◆ **Work order**:
What you write must be the listing below in full, word for word, minus its pictures.

◆ **Data shown**:
┄┄┄┄┄┄┄┄┄┄
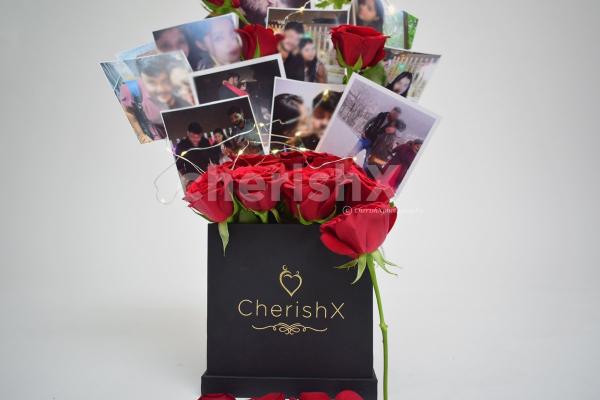 A CherishX's bucket with fresh roses and set up with pictures to gift to your friends or family.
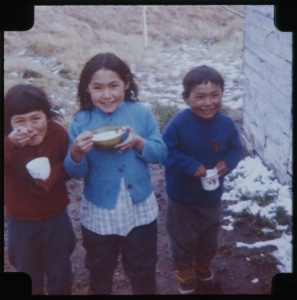 Image of Three Eskimo [Inuit] children, eating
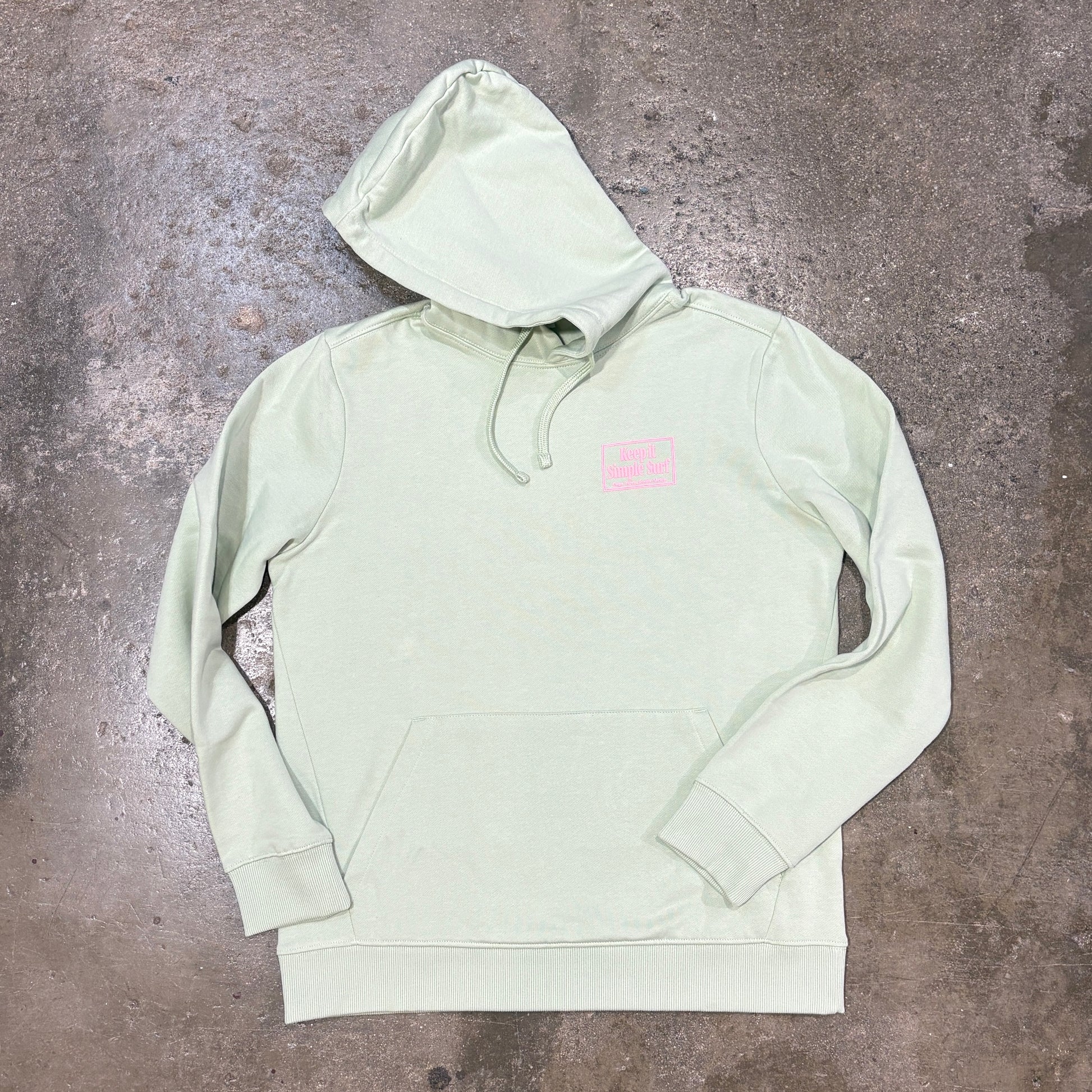 A light sage green pullover hoodie with a small pink rectangular logo patch on the left chest, laid flat on a textured gray concrete floor.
┄┄┄┄┄┄┄┄┄┄
◆ **Output**:
 A CherishX's bucket with fresh roses and set up with pictures to gift to your friends or family.
 Image of Three Eskimo [Inuit] children, eating
 A light sage green pullover hoodie with a small pink rectangular logo patch on the left chest, laid flat on a textured gray concrete floor.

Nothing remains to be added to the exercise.